Sorry, not sure if this is going to directly reply to your reply post…
I see, that example makes sense now. I do see what you are saying.
This 3.1% is the growth in wages under $19/hr… but you’d suspect that the this causal wage growth would be mostly due to changes in wages near the $11-14 or so mark. If they had split it up (for arguments sake) into <$14/hr and then $14-19/hr we would expect that growth estimate to be zero right? And if it is in theory zero (putting aside the criticism of how there are causal effects in the over $19/hr group), then we wouldn't expect any issues with bracket creep? (Or at least the same level of bracket creep as the control??)
Just trying to get my understanding right – this is a pretty big issue if it's real!!
Yes, the 3.1% wage growth, relative to the control, is for the under $19 workers.
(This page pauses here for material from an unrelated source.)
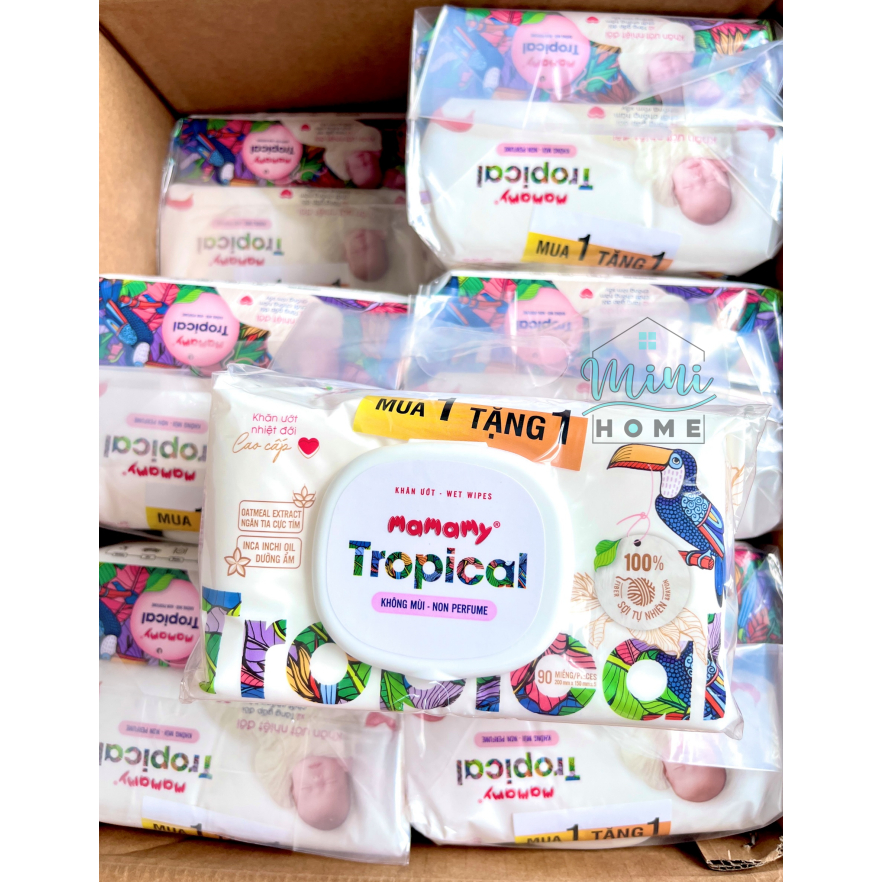 Khăn Ướt Mamamy tropical 90 tờ 100% sợi tự nhiên cho bé - Mini Home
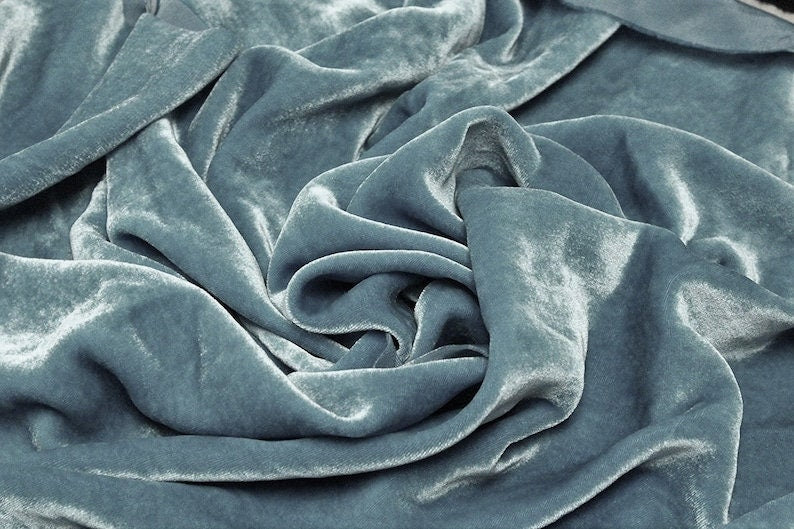 SPANDEX VELVET - Stretch Velvet Fabric for Sewing Apparel Costumes Craft, Sold By The Yard. Steel Blue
Wage growth for the entire single-site workforce as a whole was even larger — 8% — so I don’t suspect the wage growth was necessarily concentrated in the under $14 group but there is no way of knowing from the report. The report does document employment increase/decrease, relative to control, at each $1 “wage bin” but it doesn’t break down wage growth further than under $19 and overall.
Yes, I think it is a pretty big issue if it is real. It is not unusual for researchers to get so caught up in the arcane methodological techniques that they overlook a rather basic accounting or arithmetic error. Double counting, for example, is rife in seemingly sophisticated mathematical analyses. This is one reason I am cynical about the supposed “rigor” that math provides. It’s often a penny-wise, pound foolish rigor that can be detected by simply eyeballing the raw figures. My alarm went off when I looked at the astonishing overall wage growth and employment growth for the single site employers. If those numbers are real, that kind of growth would tend to distort everything else in the data set. If they are not real, the discrepancy indicates a noise problem with the data set that cannot be “corrected for” with fancy statistical techniques.
Call me old fashioned but I believe the role of arcane statistical analysis should be limited to making sure that the prima facie case is not an illusion. I have no confidence that researchers can milk hidden truths from data that are murky to the naked eye.